As shown in fig. 6, the apparatus 600 includes a computing unit 601 that can perform various appropriate actions and processes according to a computer program stored in a Read Only Memory (ROM) 602 or a computer program loaded from a storage unit 608 into a Random Access Memory (RAM) 603. In the RAM 603, various programs and data required for the operation of the device 600 may also be stored. The computing unit 601, ROM 602, and RAM 603 are connected to each other by a bus 604. An input/output (I/O) interface 605 is also connected to bus 604.

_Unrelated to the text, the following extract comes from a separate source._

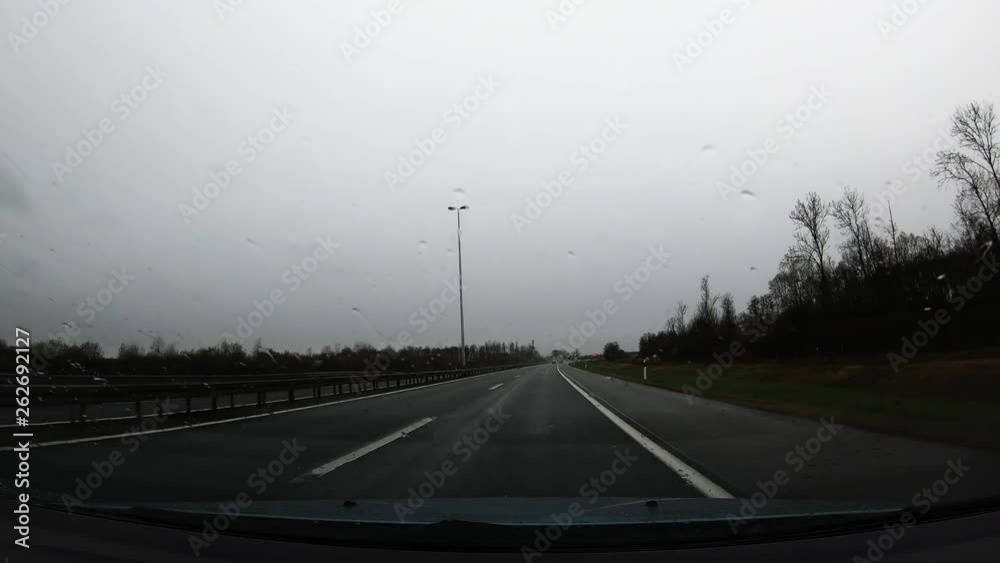 954-07 Car Ride Dashboard Center View Rainy Drive Highway 954-07 Car Ride Dashboard Center View Rainy Drive Highway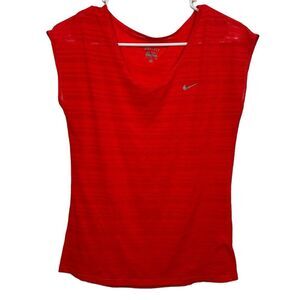 Nike Dri-Fit Red Cap Sleeve Lightweight Athletic T-Shirt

Various components in device 900 are connected to I/O interface 605, including: an input unit 606 such as a keyboard, mouse, etc.; an output unit 607 such as various types of displays, speakers, and the like; a storage unit 608, such as a magnetic disk, optical disk, or the like; and a communication unit 609 such as a network card, modem, wireless communication transceiver, etc. The communication unit 609 allows the device 600 to exchange information/data with other devices via a computer network, such as the internet, and/or various telecommunication networks.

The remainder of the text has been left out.